→ Problem description:
Could you output the entries that follow exactly, omitting any pictures they contain?

[Saved entries]
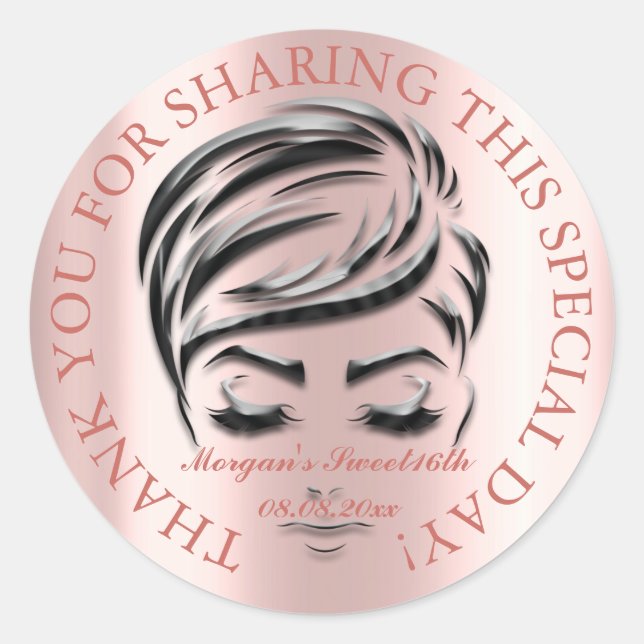 Adesivo Redondo Rosa Glitter Feet Sweet 16th Favor Obrigado Glam (Frente)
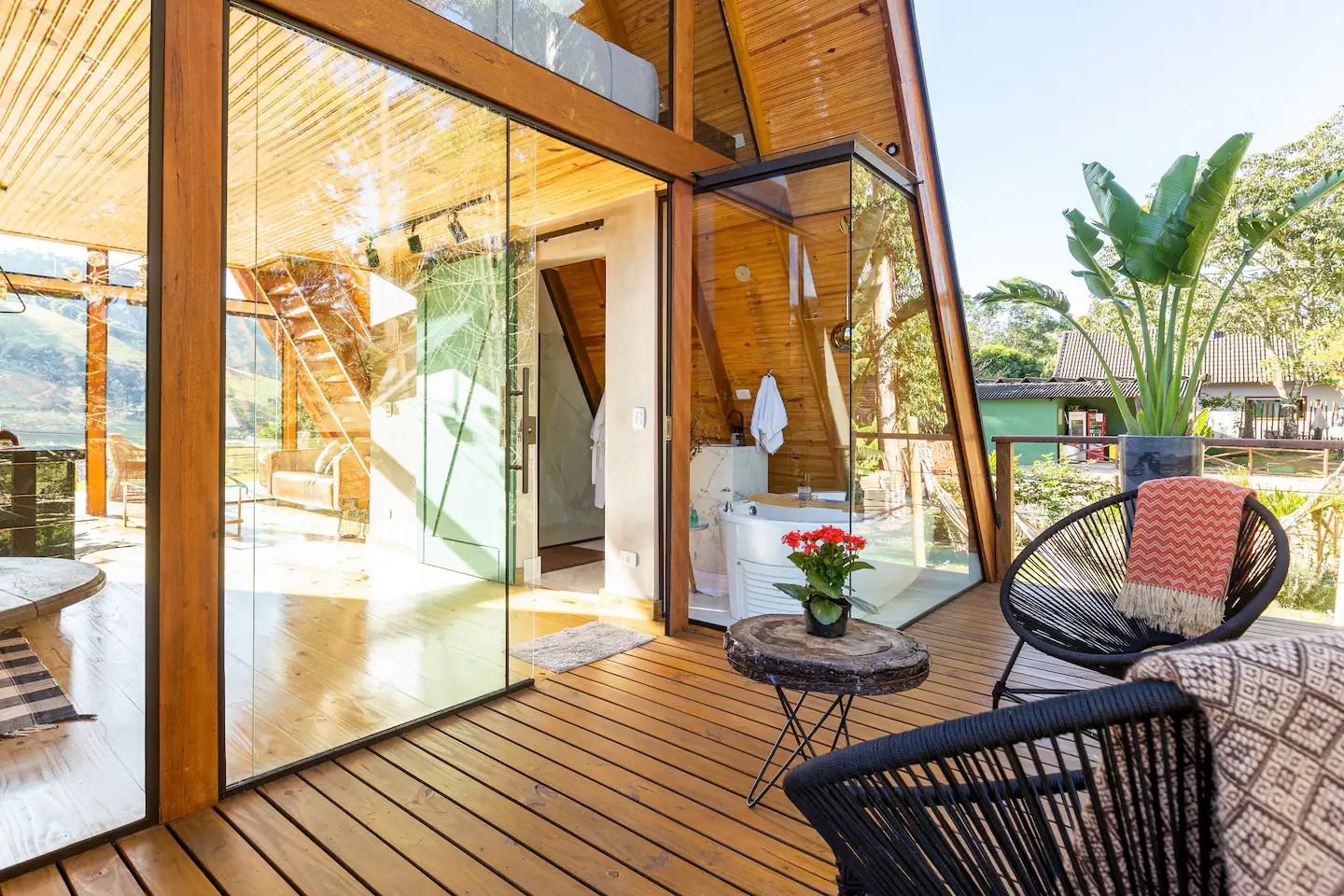 terrasse bois maison A-Frame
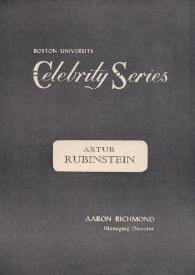 Portada:Programa de concierto del pianista Arthur Rubinstein : conmemoración del centenario de Steinway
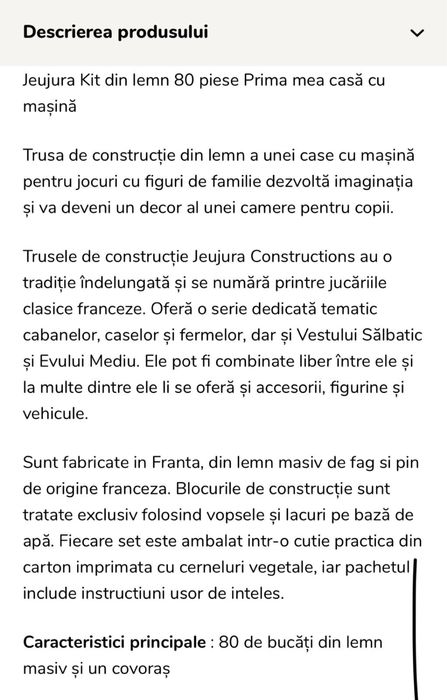 Joc din lemn 80 piese, casuta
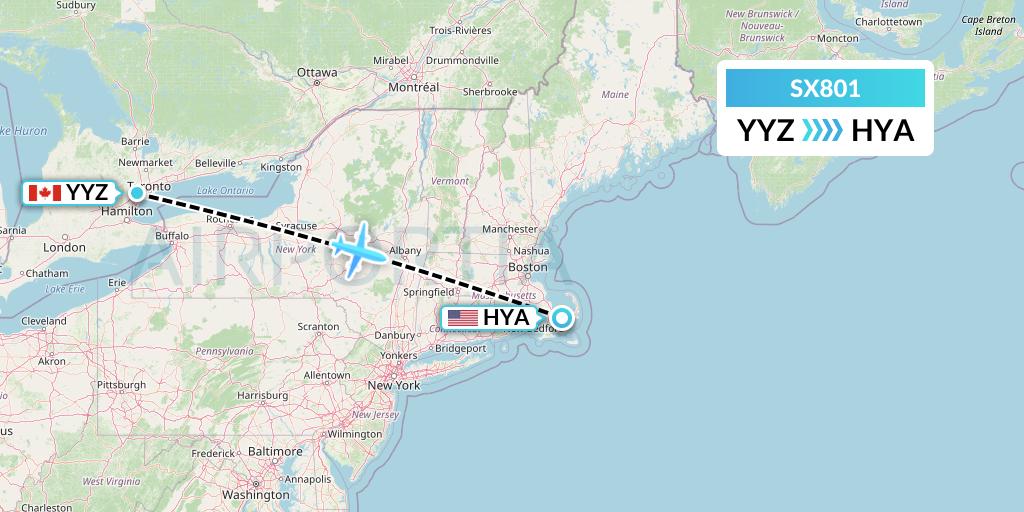 SX801 Flygta Airlines Flight Map: Toronto to Hyannis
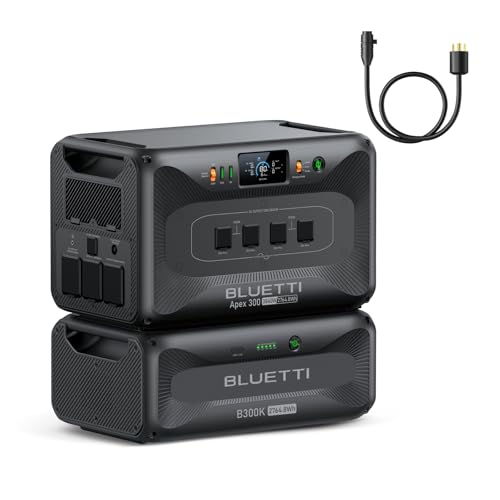 BLUETTI Apex 300 Solar Generator & B300K with TT-30 30A Cable Power Station | 5529.6Wh LiFePO4 Battery Backup with 6 3840W AC Outlets (7680W Surge), 2H Fast Charge, Generator Support for Off-Grid Living - style: BLUETTI Apex 300+B300K+TT-30 30A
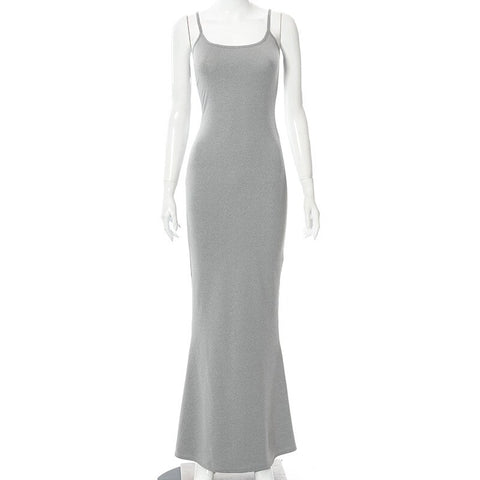 Women Summer Sexy Solid Spaghetti Strap Backless Bodycon Maxi Mermaid Dress 8 Colors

→ Reply to the task:
 Adesivo Redondo Rosa Glitter Feet Sweet 16th Favor Obrigado Glam (Frente)
 terrasse bois maison A-Frame
 Portada:Programa de concierto del pianista Arthur Rubinstein : conmemoración del centenario de Steinway
 Joc din lemn 80 piese, casuta
 SX801 Flygta Airlines Flight Map: Toronto to Hyannis
 BLUETTI Apex 300 Solar Generator & B300K with TT-30 30A Cable Power Station | 5529.6Wh LiFePO4 Battery Backup with 6 3840W AC Outlets (7680W Surge), 2H Fast Charge, Generator Support for Off-Grid Living - style: BLUETTI Apex 300+B300K+TT-30 30A
 Women Summer Sexy Solid Spaghetti Strap Backless Bodycon Maxi Mermaid Dress 8 Colors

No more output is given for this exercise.